9. Visit Descanso Gardens.
Often overshadowed by L.A.’s Huntington Gardens, Descanso Gardens deserves a visit, too. Originally part of a deed given by California’s first governor to Corporal Jose Maria Verdugo for his service, the land was passed down through the Verdugo family from the late 1700s to 1869. Newspaper magnate Elias Manchester Boddy purchased the land in 1937 and built a 22-room mansion on the property. The gardens were more than just a getaway for Boddy, who built up a large collection of camellias, roses, and lilacs on the grounds, making them a source for the cut flower industry. In 1953, Boddy sold the property to Los Angeles County. Today, the grounds are home to a Japanese garden, oak forest, California native plants, and more. Plus, numerous animals can be found among the trees and plants — great horned owls, bobcats, and deer, to name a few. And the mansion now houses galleries with exhibits about science and local history.

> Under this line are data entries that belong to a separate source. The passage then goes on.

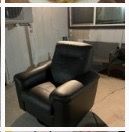 Swivel and reclining single-seater leather sofa.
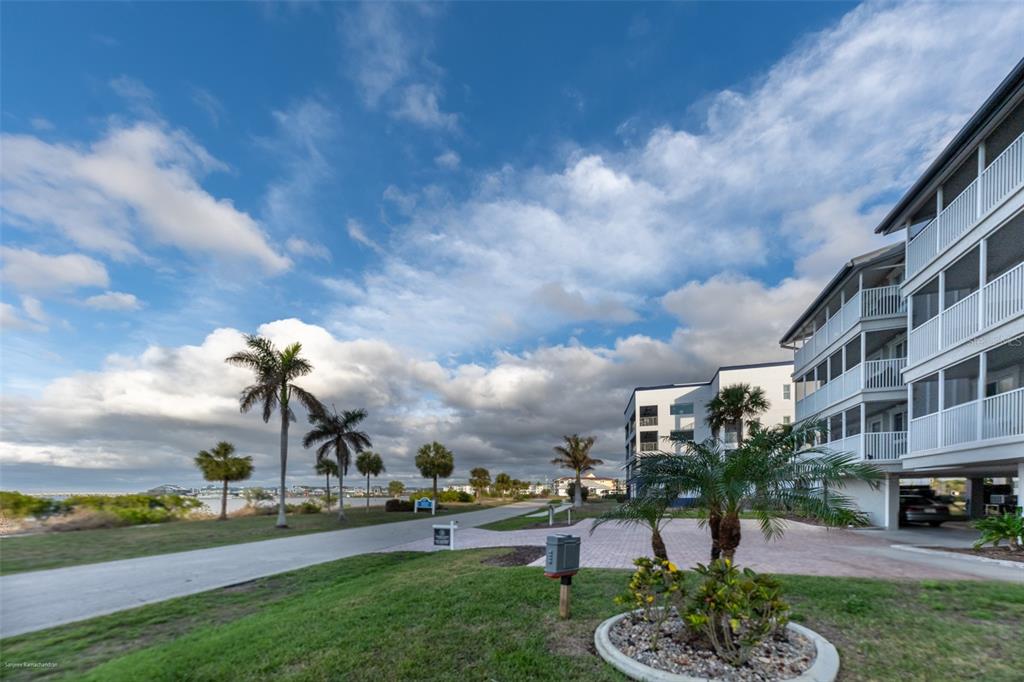 Exterior view of a multi-story apartment building with balconies, palm trees, and a paved driveway — 1477 PARK BEACH CIRCLE UNIT 11, PUNTA GORDA, FL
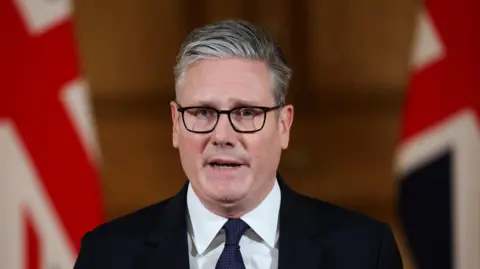 Keir Starmer. He has short grey-ish hair, wearing glasses, white shirt and dark blazer and tie. Two British flags are in the background.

10. Head to the Bronson Caves.
Don’t want to trek all the way to the Hollywood sign, a nearly six-and-a-half-mile hike starting in Griffith Park? Consider a much simpler hike to a smaller, but almost as beloved, Hollywood icon — the Bronson Caves. These caves have appeared in numerous TV shows and films, including “Star Trek VI: The Undiscovered Country” and “The Sword and the Sorcerer,” but they most famously starred as the Batcave in the Batman series. To get there, you’ll only need to hike about two-thirds of a mile. Upon arriving, you’ll realize that the Batcave is a lot smaller than you imagined. But that doesn’t mean you can’t pose for a goofy picture in front of it. As a bonus, you can look up and see the Hollywood sign on the way back.